From here, the first result holds by \(\Omega_{\mathbf{c},n}^{-1/2}Q_n = Z_n \sigma\).
For the second result, we have \(\Omega_{\mathbf{c},n}^{-1/2}T_n = Z_n(\sigma/\hat \sigma_n)\), where \(\hat \sigma_n \overset{\text{p}}{\longrightarrow}\sigma\) (I need to type up the proof of this. It is guaranteed by the finiteness of the fourth moment of the error term), so the second result follows from Slutzky’s Theorem.
The above result suggests that an asymptotic \((1-\alpha)100\%\) confidence interval for \(\mathbf{c}^T\boldsymbol{\beta}\) can be constructed as \[ \mathbf{c}^T\hat{\boldsymbol{\beta}}_n \pm z_{\alpha/2} n^{-1/2}\hat \sigma_n \Omega_{\mathbf{c},n}^{1/2} \tag{25.2}\] based on the asymptotic distribution of \(\Omega_{\mathbf{c},n}^{-1/2} T_n\) as \(n \to \infty\).
Next we describe how to construct bootstrap versions of the quantities \(Q_n\) and \(T_n\) using the residual bootstrap.
Definition 25.2 (Residual bootstrap for linear regression) Conditional on the residuals \(\hat \varepsilon_i = Y_i - \mathbf{x}_i^T\hat{\boldsymbol{\beta}}_n\), \(i=1,\dots,n\), introduce independent random variables \(\varepsilon_1^*,\dots,\varepsilon_n^*\) identically distributed according to the empirical distribution of \(\hat \varepsilon_1,\dots,\hat \varepsilon_n\). Then set \(Y_i^* = \mathbf{x}_i^T\hat{\boldsymbol{\beta}}_n + \varepsilon^*_i\) for \(i=1,\dots,n\) and let \[ \hat{\boldsymbol{\beta}}^*_n = (\mathbf{X}^T\mathbf{X})^{-1}\mathbf{X}^T\mathbf{Y}^*, \] where \(\mathbf{Y}^*=(Y_1^*,\dots,Y_n^*)^T\). Now define bootstrap versions of \(Q_n\) and \(T_n\) as \[\begin{align} Q_n^* &= \sqrt{n}\mathbf{c}^T(\hat{\boldsymbol{\beta}}^*_n - \hat{\boldsymbol{\beta}}_n) \quad \text{ and } \\ T_n^* &= \sqrt{n}\mathbf{c}^T(\hat{\boldsymbol{\beta}}^*_n - \hat{\boldsymbol{\beta}}_n) / \hat \sigma^*_n, \end{align}\] respectively, where \[ (\hat \sigma_n^*)^2 = \frac{1}{n-p}\sum_{i=1}^n(Y_i^* - \mathbf{x}_i^T\hat{\boldsymbol{\beta}}_n^*)^2. \]

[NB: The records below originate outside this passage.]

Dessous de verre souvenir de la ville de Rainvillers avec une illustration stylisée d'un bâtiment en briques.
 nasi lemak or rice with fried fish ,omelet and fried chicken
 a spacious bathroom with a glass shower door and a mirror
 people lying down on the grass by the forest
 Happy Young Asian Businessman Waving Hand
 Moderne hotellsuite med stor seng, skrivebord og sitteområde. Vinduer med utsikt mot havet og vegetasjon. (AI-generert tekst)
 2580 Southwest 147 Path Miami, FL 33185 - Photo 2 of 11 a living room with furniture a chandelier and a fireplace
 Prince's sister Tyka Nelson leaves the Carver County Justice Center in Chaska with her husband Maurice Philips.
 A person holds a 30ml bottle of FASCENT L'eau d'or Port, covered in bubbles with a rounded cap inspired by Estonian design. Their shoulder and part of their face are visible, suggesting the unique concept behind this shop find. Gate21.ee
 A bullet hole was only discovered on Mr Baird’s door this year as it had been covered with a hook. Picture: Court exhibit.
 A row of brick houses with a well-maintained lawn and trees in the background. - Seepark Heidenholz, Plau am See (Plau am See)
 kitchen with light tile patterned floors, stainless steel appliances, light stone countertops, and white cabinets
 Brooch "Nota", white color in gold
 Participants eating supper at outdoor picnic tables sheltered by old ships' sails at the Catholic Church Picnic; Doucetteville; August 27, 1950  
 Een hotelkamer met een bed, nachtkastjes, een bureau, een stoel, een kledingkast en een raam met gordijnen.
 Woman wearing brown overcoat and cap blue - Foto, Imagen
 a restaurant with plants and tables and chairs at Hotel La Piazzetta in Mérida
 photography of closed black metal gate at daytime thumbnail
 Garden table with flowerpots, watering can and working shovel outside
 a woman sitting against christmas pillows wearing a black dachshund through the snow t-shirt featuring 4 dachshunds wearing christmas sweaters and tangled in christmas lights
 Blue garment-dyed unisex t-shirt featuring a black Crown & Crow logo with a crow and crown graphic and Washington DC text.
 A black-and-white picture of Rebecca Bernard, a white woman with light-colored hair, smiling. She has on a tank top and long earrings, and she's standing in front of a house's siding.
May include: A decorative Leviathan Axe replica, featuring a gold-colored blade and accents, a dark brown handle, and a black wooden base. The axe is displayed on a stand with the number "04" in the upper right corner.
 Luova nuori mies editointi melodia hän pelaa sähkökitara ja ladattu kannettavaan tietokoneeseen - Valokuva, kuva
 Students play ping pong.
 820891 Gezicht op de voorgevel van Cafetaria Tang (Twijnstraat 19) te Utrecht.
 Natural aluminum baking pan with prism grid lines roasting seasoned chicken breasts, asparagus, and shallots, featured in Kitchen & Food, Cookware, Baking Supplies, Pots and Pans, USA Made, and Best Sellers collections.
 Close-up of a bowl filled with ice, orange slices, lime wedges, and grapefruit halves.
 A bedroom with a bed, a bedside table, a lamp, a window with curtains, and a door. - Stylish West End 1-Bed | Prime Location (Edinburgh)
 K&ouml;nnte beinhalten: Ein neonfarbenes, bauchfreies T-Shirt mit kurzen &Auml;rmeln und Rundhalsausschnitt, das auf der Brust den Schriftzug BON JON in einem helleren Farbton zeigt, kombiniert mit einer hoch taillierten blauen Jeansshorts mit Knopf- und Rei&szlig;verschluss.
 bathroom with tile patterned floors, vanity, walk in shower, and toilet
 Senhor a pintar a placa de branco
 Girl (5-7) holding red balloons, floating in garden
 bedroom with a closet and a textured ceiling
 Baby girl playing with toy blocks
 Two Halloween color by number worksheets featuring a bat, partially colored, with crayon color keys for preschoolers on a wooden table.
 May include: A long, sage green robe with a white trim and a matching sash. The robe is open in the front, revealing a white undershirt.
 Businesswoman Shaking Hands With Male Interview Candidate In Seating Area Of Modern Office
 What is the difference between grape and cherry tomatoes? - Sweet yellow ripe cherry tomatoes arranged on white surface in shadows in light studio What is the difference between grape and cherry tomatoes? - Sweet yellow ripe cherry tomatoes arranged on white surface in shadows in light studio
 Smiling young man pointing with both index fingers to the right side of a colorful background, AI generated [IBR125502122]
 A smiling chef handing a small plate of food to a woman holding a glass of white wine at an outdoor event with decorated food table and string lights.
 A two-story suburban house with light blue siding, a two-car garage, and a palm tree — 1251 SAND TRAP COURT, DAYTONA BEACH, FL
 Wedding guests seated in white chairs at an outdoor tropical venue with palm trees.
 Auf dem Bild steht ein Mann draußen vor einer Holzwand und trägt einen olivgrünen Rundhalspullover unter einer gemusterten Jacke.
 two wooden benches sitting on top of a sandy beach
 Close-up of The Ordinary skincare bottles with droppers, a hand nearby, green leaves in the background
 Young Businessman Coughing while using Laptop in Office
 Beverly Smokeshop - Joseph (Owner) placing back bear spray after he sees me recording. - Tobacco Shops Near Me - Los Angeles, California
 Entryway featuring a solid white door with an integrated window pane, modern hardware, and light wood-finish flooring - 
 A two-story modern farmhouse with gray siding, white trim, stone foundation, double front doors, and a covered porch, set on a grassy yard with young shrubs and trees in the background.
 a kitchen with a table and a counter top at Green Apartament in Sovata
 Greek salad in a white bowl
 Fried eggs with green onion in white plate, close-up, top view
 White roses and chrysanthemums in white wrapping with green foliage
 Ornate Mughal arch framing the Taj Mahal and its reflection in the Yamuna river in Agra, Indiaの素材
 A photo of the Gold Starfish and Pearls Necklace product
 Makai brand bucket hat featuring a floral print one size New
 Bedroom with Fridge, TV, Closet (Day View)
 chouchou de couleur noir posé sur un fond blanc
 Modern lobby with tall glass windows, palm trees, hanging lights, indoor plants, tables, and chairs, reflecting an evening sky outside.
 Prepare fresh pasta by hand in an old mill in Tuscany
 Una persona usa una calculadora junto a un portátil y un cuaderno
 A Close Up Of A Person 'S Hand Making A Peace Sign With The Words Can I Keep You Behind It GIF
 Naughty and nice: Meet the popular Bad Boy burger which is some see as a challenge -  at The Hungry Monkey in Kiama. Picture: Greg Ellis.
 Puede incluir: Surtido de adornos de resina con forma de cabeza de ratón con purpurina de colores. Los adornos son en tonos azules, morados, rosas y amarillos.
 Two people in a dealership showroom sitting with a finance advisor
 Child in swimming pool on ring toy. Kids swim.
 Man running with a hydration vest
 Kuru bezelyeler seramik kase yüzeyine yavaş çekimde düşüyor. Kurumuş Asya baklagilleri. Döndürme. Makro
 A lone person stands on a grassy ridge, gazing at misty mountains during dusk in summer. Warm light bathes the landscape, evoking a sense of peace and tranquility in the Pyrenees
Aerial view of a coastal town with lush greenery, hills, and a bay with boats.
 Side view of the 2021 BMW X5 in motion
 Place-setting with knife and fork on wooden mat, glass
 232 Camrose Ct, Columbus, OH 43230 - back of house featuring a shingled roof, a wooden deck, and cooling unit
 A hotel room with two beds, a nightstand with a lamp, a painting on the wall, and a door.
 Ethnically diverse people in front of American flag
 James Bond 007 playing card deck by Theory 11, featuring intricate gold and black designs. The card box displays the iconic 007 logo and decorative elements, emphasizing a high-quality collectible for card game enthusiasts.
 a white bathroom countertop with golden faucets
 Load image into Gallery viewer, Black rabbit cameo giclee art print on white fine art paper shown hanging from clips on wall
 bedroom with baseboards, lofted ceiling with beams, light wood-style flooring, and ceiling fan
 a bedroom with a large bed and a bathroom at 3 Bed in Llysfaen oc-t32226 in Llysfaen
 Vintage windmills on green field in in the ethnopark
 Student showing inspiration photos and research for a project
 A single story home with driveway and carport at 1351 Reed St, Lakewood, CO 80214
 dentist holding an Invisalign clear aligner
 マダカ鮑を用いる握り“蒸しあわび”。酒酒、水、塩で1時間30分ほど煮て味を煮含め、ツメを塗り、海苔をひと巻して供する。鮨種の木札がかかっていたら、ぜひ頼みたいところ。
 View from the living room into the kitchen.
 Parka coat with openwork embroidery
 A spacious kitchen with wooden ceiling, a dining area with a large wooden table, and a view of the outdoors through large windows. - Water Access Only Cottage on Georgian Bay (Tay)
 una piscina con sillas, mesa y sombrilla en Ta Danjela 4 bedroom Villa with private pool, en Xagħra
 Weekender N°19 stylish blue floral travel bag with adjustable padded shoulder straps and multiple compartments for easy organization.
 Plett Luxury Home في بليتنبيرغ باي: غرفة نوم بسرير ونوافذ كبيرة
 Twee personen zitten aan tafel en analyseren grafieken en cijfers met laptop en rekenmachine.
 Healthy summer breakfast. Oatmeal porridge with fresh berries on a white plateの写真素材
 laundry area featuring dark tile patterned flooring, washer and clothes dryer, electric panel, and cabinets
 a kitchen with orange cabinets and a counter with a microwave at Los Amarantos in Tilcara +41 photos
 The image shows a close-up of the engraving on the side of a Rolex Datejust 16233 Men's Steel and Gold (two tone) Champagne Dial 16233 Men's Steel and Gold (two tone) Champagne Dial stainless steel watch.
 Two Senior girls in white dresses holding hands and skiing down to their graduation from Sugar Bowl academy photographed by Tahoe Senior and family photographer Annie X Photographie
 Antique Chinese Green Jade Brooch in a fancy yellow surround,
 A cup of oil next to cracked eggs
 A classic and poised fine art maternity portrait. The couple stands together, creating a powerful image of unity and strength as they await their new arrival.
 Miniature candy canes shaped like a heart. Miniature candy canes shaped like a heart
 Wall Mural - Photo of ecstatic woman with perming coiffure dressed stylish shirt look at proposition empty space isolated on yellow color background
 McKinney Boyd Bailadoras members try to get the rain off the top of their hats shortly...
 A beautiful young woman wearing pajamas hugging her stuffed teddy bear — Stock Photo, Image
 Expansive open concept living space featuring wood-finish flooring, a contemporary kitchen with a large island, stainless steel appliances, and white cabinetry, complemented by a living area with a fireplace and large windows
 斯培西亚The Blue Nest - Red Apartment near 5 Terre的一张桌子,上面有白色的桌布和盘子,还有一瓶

The next result claims that the residual bootstrap works for estimating the sampling distributions of \(Q_n\) and \(T_n\).
Theorem 25.2 (Residual bootstrap works) In the linear model in Definition 25.1 under the conditions of Theorem 25.1 we have
\(\sup_{x \in \mathbb{R}}\Big|\mathbb{P}_*(Q_n^* \leq x) - \mathbb{P}(Q_n \leq x)\Big| \overset{\text{p}}{\longrightarrow}0\)
\(\sup_{x \in \mathbb{R}}\Big|\mathbb{P}_*(T_n^* \leq x) - \mathbb{P}(T_n \leq x)\Big| \overset{\text{p}}{\longrightarrow}0\)
as \(n \to \infty\) with \(Q_n^*\) and \(T_n^*\) as defined in Definition 25.2.
I still need to type up a proof of this!
One can show that the residual bootstrap for estimating the distribution of \(T_n\) is second-order correct, but I do not present this as a formal result.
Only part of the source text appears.